▶ PROVIDED MATERIAL
━━━━━━━━━━

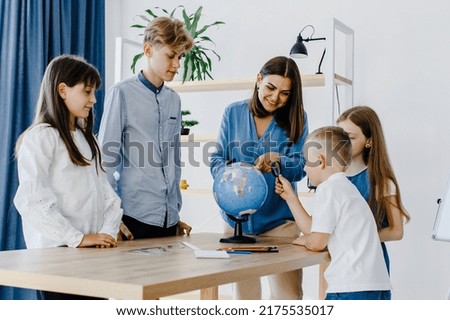 Teacher and children in class are looking at globe, teacher helps explain the lesson to the children in the class at a desk. Educational school process, bright room and interesting learning Royalty-Free Stock Photo #2175535017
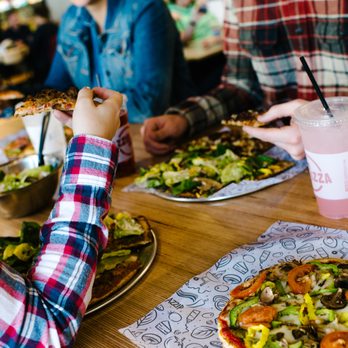 Azzip Pizza - people eating at a restaurant - Pizza Near Me - Evansville, Indiana Azzip Pizza - people eating at a restaurant - Pizza Near Me - Evansville, Indiana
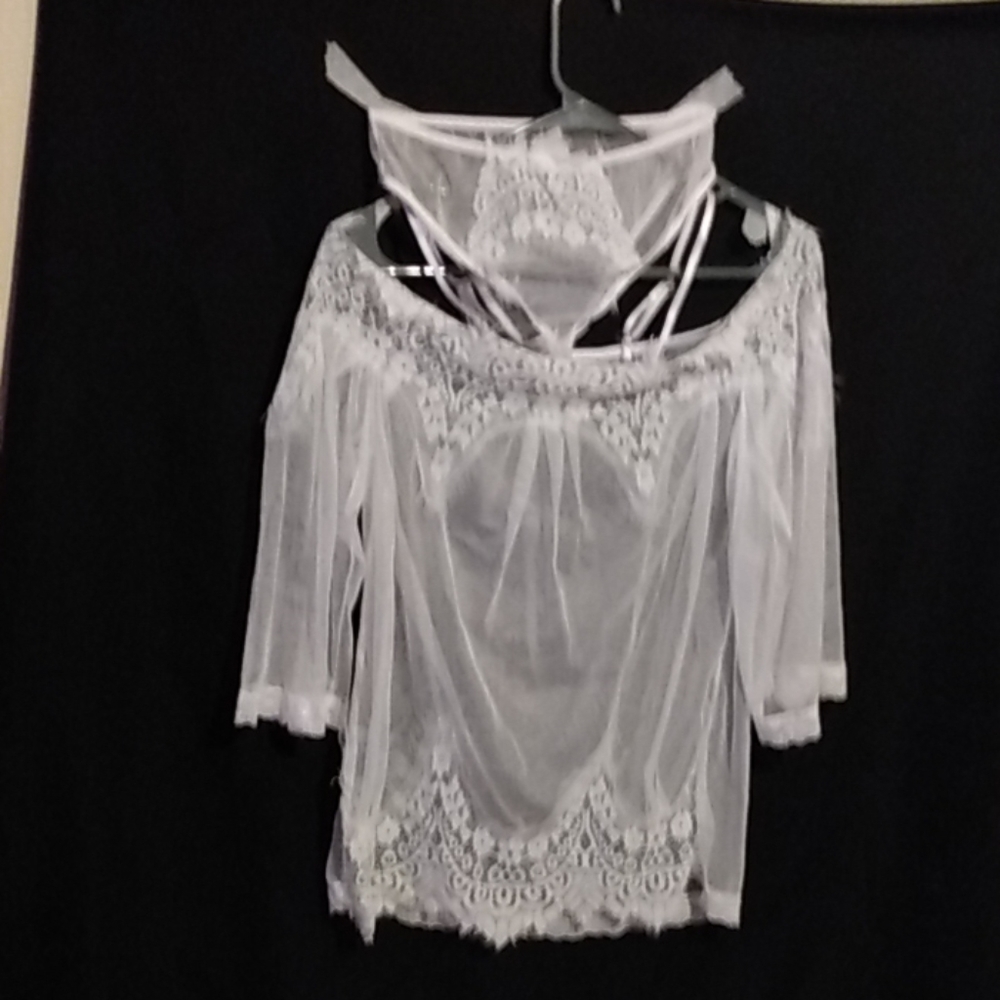 Brand new white undergarments the top and the bott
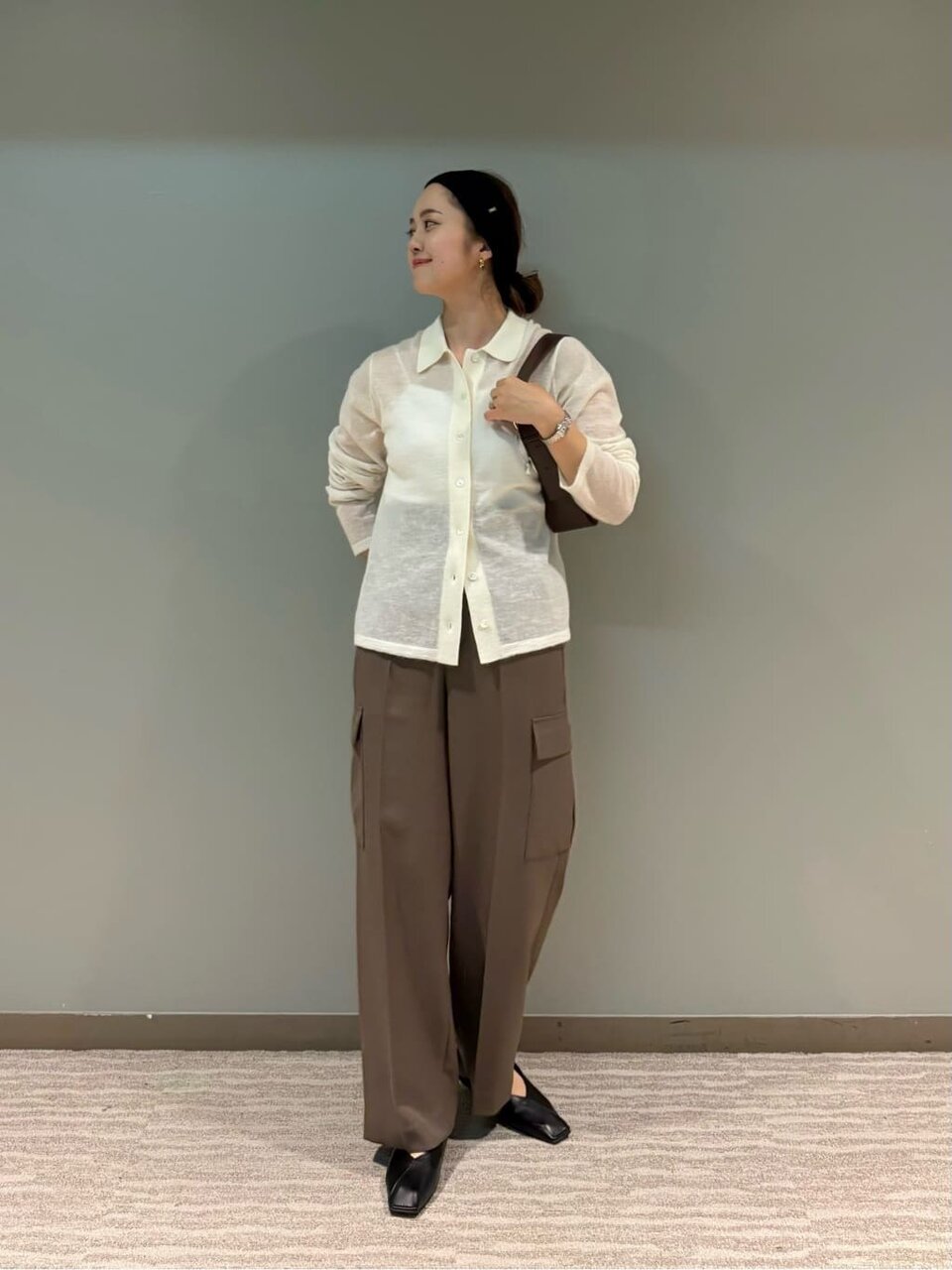 ニットカーディガンとカーゴパンツを着た女性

━━━━━━━━━━

▶ WORK TO COMPLETE
Your answer should be the lines from the line containing "Brand new white" through the end of the listing above, output exactly and alone, without the pictures.

▶ ANSWER SPACE
 Brand new white undergarments the top and the bott
 ニットカーディガンとカーゴパンツを着た女性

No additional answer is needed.